> [Supplied material]:
------------------------

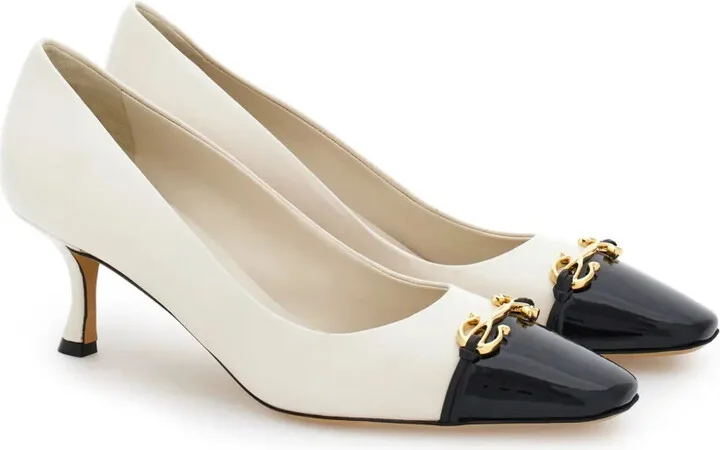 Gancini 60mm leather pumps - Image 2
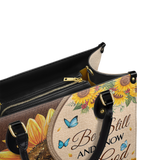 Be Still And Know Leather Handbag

------------------------

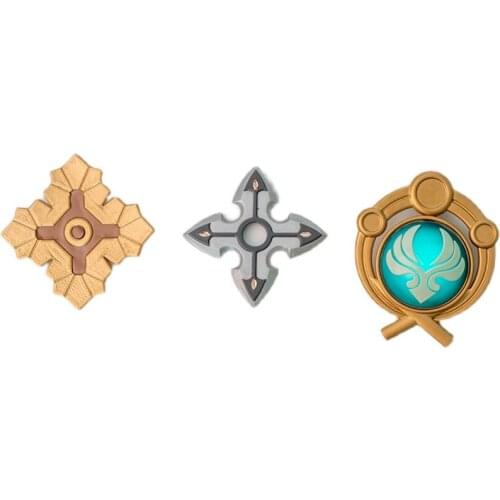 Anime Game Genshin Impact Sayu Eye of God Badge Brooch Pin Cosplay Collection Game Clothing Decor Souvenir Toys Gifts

------------------------

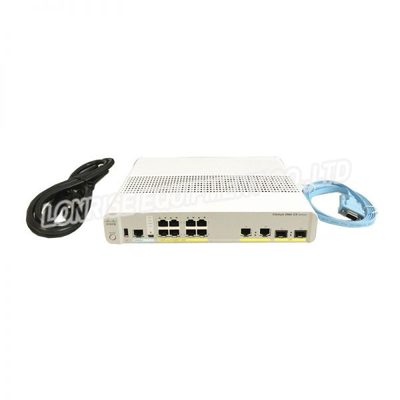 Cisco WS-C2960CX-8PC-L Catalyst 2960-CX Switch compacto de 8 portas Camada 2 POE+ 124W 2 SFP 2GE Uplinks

------------------------

Retype, exactly and with no pictures, everything above from the line with "Gancini 60mm leather pumps - Image 2" down to the line with "Be Still And Know Leather Handbag", both included.

> [Finished exercise]:
 Gancini 60mm leather pumps - Image 2
 Be Still And Know Leather Handbag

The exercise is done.